In 1977, a small, nonsectarian group of mostly Western students convened in Boudhanath—Buddhism’s great pilgrimage site in Nepal—to receive the teachings and ask questions of Kyabje Thinley Norbu Rinpoche (1931–2011), an eminent scholar and master of the Nyingma tradition of Tibetan Buddhism. Echoes: The Boudhanath Teachings (Shambhala Publications, May 2016, $18.95, 176 pp., paper) is composed of edited transcripts from that series of meetings—a lively dialogue that Rinpoche described as “using the traditional method of question and answer to connect ordinary experience with sublime dharma in a flexible way.”
The text retains the Q&A format following Rinpoche’s teaching, inviting us to participate in the dialogue alongside the recipients of their original transmission. The most commendable feature of this collection of dharma talks, however, is its wide range of inquiry. From more conventional teachings on karma and rebirth, monastic discipline, and the guru-student relationship to cutting-edge debates about the Buddhist response to gender inequality, Thinley Norbu communicates the dharma with directness and accessibility. As he encourages his students in the introductory pages of his teachings, “one must leave awareness alone, naked, without doing anything to it, and without creating anything artificial.”
“To our earth—and the reemergence of the sacred feminine,” Wendy Garling dedicates her book Stars at Dawn: Forgotten Stories of Women in the Buddha’s Life (Shambhala Publications, August 2016, $18.95, 304 pp., paper), a perceptive exploration of the women closest to the historical Buddha. Garling’s accessible new biography of the Buddha is written for a general audience and examines the influence of the feminine on the Buddha’s life, in the spirit of Rita Gross’s pioneering feminist scholarship on Buddhist history.
Garling’s account progresses chronologically, starting with the Buddha’s familial relationships in his life as Prince Siddhartha. Early chapters focus on his mother, Queen Maya; his aunt Maha-prajapati (who later became his stepmother); and his principal wife, Yasodhara. The biography expands to include goddesses and female spirits who arrive at pivotal moments in the Buddha’s life and spiritual development, as well as the communities of nuns and laywomen drawn into his ministry. Throughout, Garling directs sensitive, almost reverent attention to the figures in the Pali canon who are traditionally relegated to the periphery of the Buddha’s story.

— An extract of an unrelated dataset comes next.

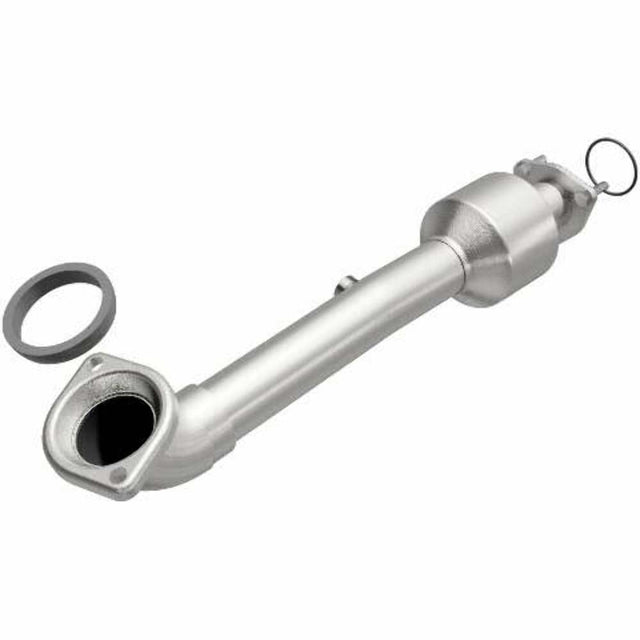 MagnaFlow direct-fit catalytic converter for 2012-2014 Honda CR-V 2.4L stainless steel CARB compliant OBDII 52019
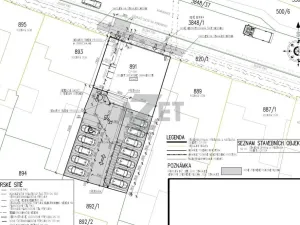 Prodej ubytování, Kunovice, Lidická, 743 m2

“Stories are tools for empowerment,” writes the author, a Tibetan Buddhist practitioner, and her reconstructed stories can empower female practitioners today, allowing them to create a historical link between their journeys and those of the women who came before. Stars at Dawn is bound to be a well-thumbed volume in any Buddhist library, resting on the shelf beside the hymns of nuns in the Therigatha and the stories of awakened women found in The Hidden Lamp.
In What Is Buddhist Enlightenment? (Oxford University Press, October 2016, $29.95, 264 pp.), Dale S. Wright, a professor of Asian religions at Occidental College, takes up the ambitious task of answering his title’s question, seeking to put into words an interpretation of Buddhism’s ultimate goal that recovers its most essential features.
In order to extricate that goal from centuries of Western discourse that have assigned staunch intellectual meaning to the word “enlightenment,” Wright has taken a more creative approach to his subject. Dividing the text into three distinct sections—contemporary images of enlightenment, enlightenment’s ethical characteristics, and the role of language in experiencing awakening—Wright selects living Buddhist settings as his primary source and identifies how
they bring new meanings to traditional ideas in the Pali canon. These settings include a Los Angeles Times opinion piece by Thich Nhat Hanh in response to the police brutality endured by Rodney King; a statement about the secular Buddhism espoused by atheist scholar Stephen Batchelor; and a study of the much-publicized moral failings of the Japanese Zen master Taizan Maezumi Roshi. The text is all the better for these lively contemporary applications.
Although Wright does not state this explicitly, his study tends toward a sectarian examination, focusing perhaps too narrowly on the Zen interpretations of Buddhism’s ultimate goal at the cost of including other traditions of Buddhist thought; and it is hindered at times by the discursive verbosity of scholarship (one that Zen masters and forest meditators alike might view with disdain). Still, What Is Buddhist Enlightenment? offers a relevant and informative supplement to the Western practitioner’s journey of development.